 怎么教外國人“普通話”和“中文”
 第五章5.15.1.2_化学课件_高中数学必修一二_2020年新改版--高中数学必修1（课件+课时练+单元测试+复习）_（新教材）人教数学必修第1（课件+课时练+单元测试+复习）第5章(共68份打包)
* * *
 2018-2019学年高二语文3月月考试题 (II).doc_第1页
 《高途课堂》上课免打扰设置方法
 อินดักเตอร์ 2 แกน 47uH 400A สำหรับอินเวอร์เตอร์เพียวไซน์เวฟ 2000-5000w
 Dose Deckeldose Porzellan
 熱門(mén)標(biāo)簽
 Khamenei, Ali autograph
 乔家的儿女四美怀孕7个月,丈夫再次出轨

■ **Prompt**: The entries above hold the needed span. Transcribe exactly the lines from the one with "Dose Deckeldose Porzellan" to the one with "乔家的儿女四美怀孕7个月,丈夫再次出轨", both included.

■ **Solution to this problem**:
 Dose Deckeldose Porzellan
 熱門(mén)標(biāo)簽
 Khamenei, Ali autograph
 乔家的儿女四美怀孕7个月,丈夫再次出轨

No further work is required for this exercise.